By clicking “Sign up for GitHub”, you agree to our terms of service and privacy statement. We’ll occasionally send you account related emails.

Already on GitHub? Sign in to your account

[Proposal] add rust? #230

Open
flaviojs opened this issue Apr 5, 2024 · 7 comments
Open

[Proposal] add rust? #230

flaviojs opened this issue Apr 5, 2024 · 7 comments
Labels

Comments

@flaviojs
Copy link
Contributor

flaviojs commented Apr 5, 2024

I don't want to develop in C, it's very frustrating.
Most of the bugs I've fixed would never exist in safe rust.
What is left either I don't know how to handle yet, or needs more information, or needs development.

Rust has been a pleasure to code, so I would rather move stuff to rust while fixing bugs and exploring the virtual hardware.
It would be a gradual change, without a real plan, so you can think of the dynamips code being C+rust.
However, I develop on linux so I wont be able to test stuff on macos or windows.
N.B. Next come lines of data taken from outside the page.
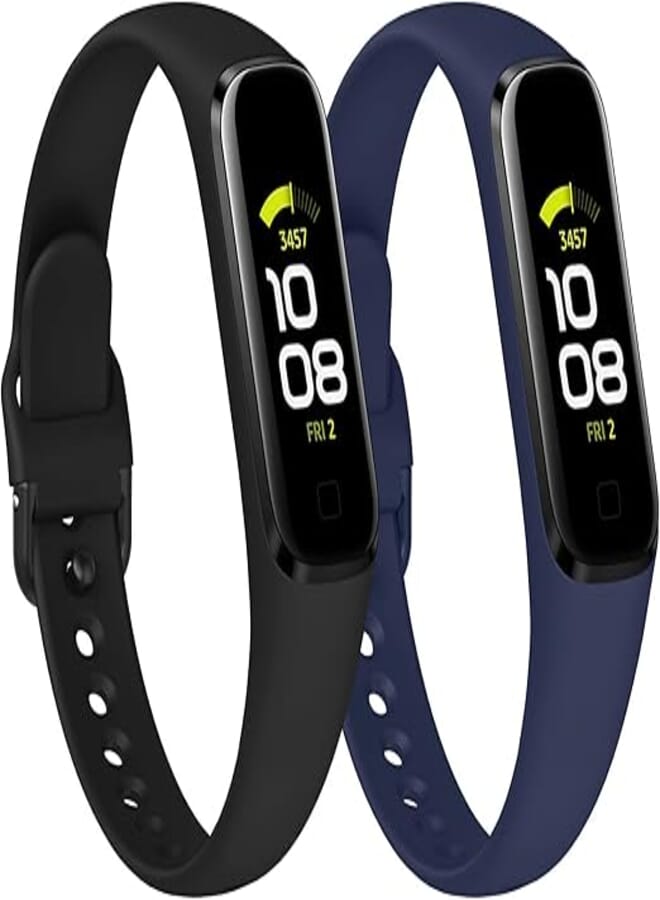 KIMILAR compatible with Samsung Galaxy Fit2 Strap for Women Men, (2 Pack) Waterproof Sports Band Soft Silicone Strap compatible with Samsung Galaxy Fit 2 SM-R220, Black/Navy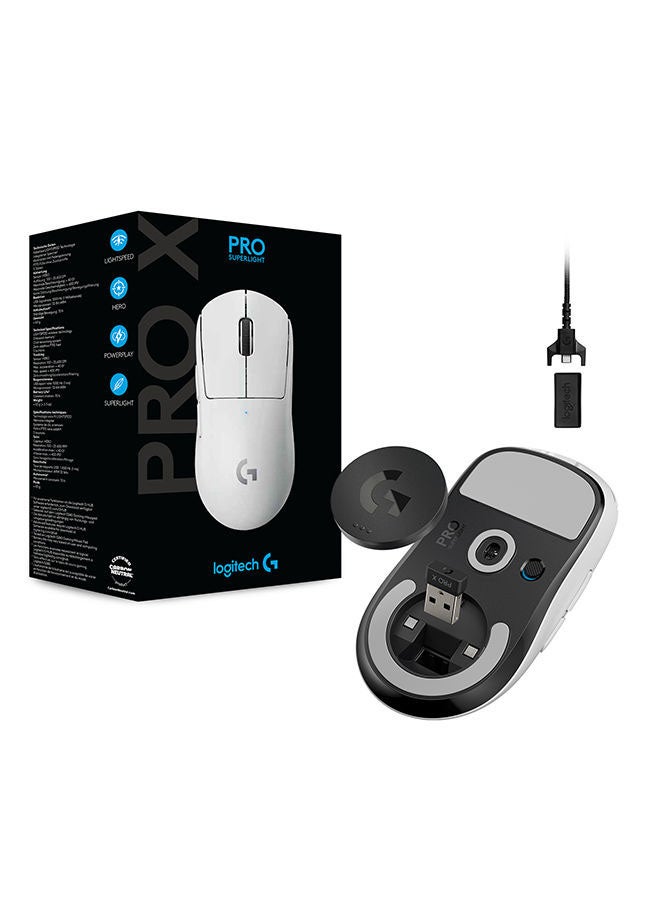 Logitech G PRO X SUPERLIGHT Wireless Gaming Mouse, Ultra-Lightweight, Hero 25K Sensor, 25,600 DPI, 5 Programmable Buttons, Long Battery Life, Compatible With PC/Mac - White - Image 2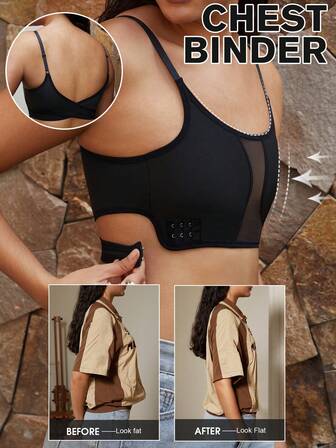 Women's Chest Shaping Camisole, Seamless Invisible Bra Cami, Transparent, Adjustable To Minimize Bust Appearance, Shapewear Top Bodycon Slimming Shirt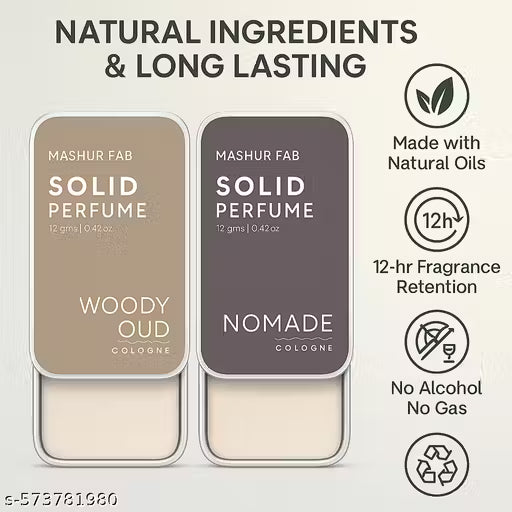 Solid Perfume Duo – Woody Oud & Nomade – Long Lasting Solid Cologne for Men & Women – Travel Friendly, Alcohol-Free, Natural Fragrance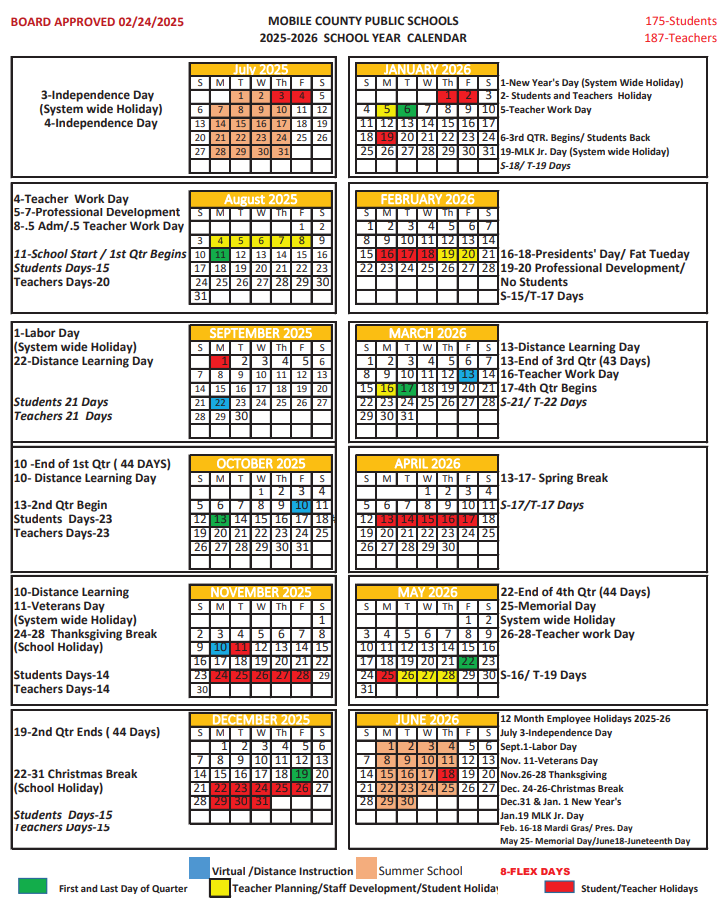 MCPSS School Calendar 2025-2026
Also, you can think of me as a wild programmer that can disappear at any time.
If you want safety then it's better to make a release before adding rust.

In short... add rust?

@grossmj
Copy link
Member

grossmj commented Apr 6, 2024

I don't want to develop in C, it's very frustrating.
Most of the bugs I've fixed would never exist in safe rust.

I agree, C can be very frustrating. I had fun developing in C back in the days however now it is always painful to go back to it since I code in higher level languages...

However, I develop on linux so I wont be able to test stuff on macos or windows.

Not a big issue for us. We don't intend to support macOS or Windows starting with GNS3 v3.

In short... add rust?

Well, I don't really know the amount of work needed. I would just say Dynamips will be less and less used in the future, so maybe is not worth putting in too much effort? However if it is just for the technical challenge, then yes it could be great.

@flaviojs
Copy link
Contributor Author

flaviojs commented Apr 6, 2024

Well, I don't really know the amount of work needed. I would just say Dynamips will be less and less used in the future, so maybe is not worth putting in too much effort?

As long as you stick to small self-contained work then the total amount of work is irrelevant. I'm not gonna aim for it, but as long as the base code is decent then it can be adapted for other (non-cisco) hardware. It might become useful in the future if the virtual hardware is feature-complete.

However if it is just for the technical challenge, then yes it could be great.

Cool, just need to know if I should wait for a release before starting. :)

@grossmj
Copy link
Member

grossmj commented Apr 6, 2024

Cool, just need to know if I should wait for a release before starting. :)

I am going to do a release soon. Also, I've created a new branch named "rust". You can use it to have your PRs based on it.

@flaviojs
Copy link
Contributor Author

flaviojs commented May 1, 2024

Hmm, this "rust" branch thing might not work out.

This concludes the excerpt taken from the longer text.